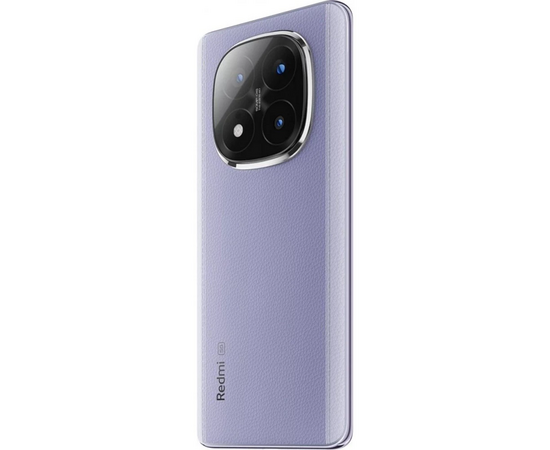  Смартфон Xiaomi Redmi Note 14 Pro+ 5G MZB0IKERU 12/512Gb фиолетовый 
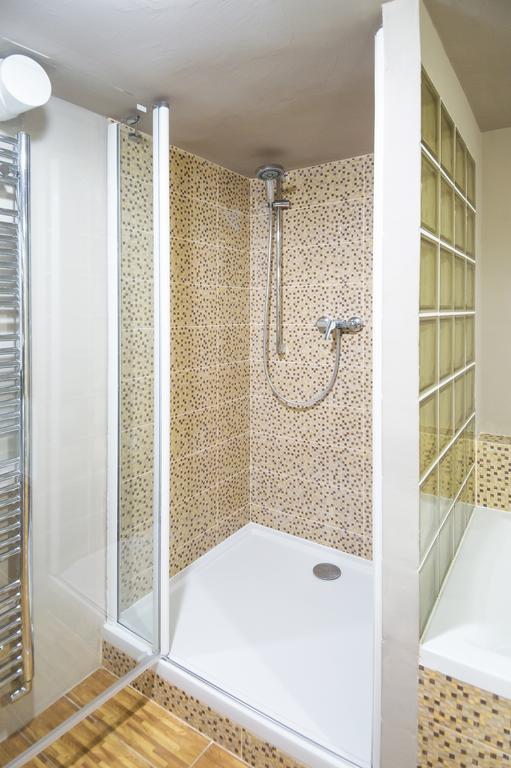 Design Apartment Havelska Prague Exterior photo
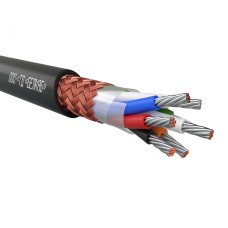 Провод монтажный МКЭШнг(А)-LS 7*0.75 ТРТС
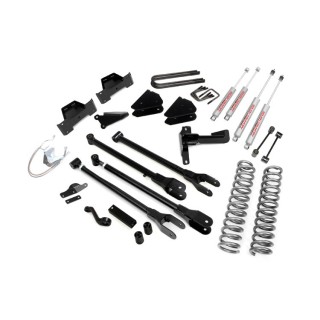 Suspension kit Rough Country Lift 8" - view 2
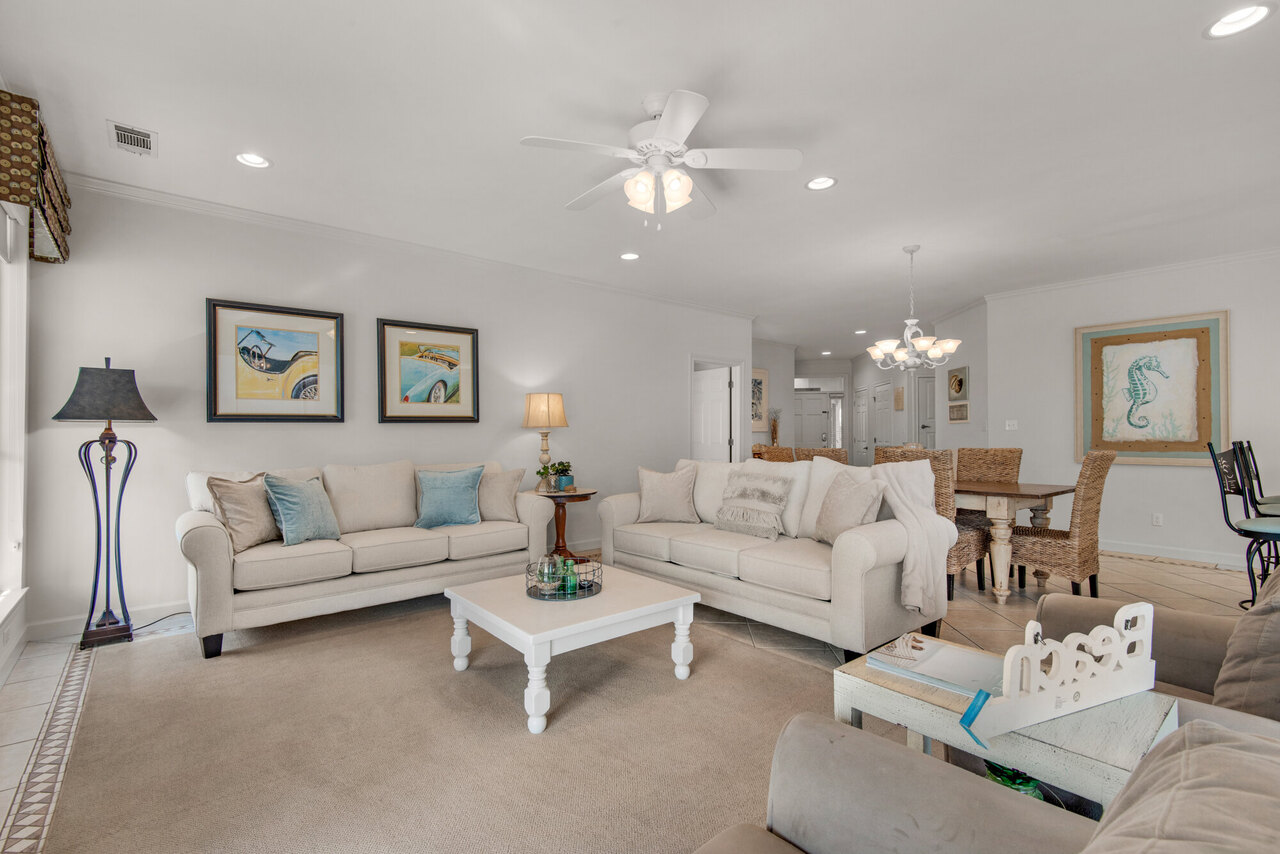 Villa 18 at Hidden Dunes - Image 13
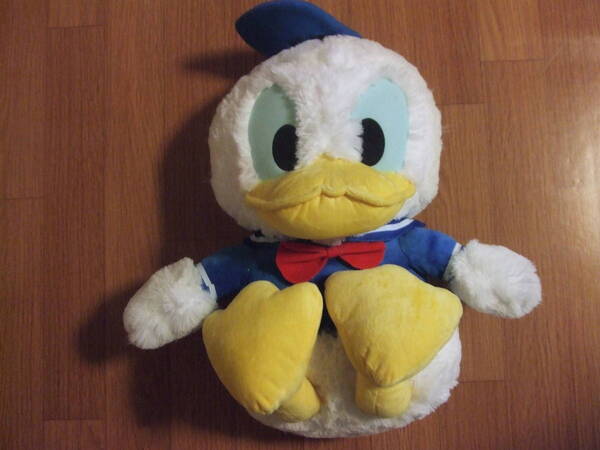 新品 ぬいぐるみ ドナルドダック ディズニー Disney キャラクター Donaldduck ドナルド コレクション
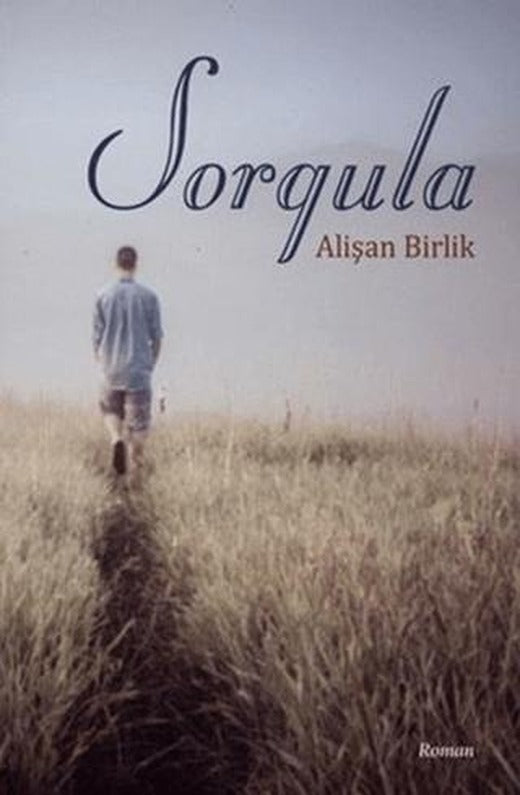 Sorgula | Hiperlink Yayınları (Ciltsiz)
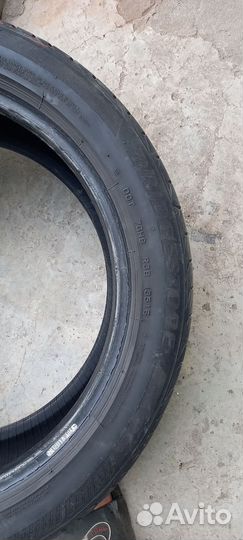 Bridgestone Turanza T001 225/45 R17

_What the task requires_. Starting at the line that contains "Suspension kit Rough", return every line through the end of the records above exactly as written, and return no pictures.

_Exercise answer_.
 Suspension kit Rough Country Lift 8" - view 2
 Villa 18 at Hidden Dunes - Image 13
 新品 ぬいぐるみ ドナルドダック ディズニー Disney キャラクター Donaldduck ドナルド コレクション
 Sorgula | Hiperlink Yayınları (Ciltsiz)
 Bridgestone Turanza T001 225/45 R17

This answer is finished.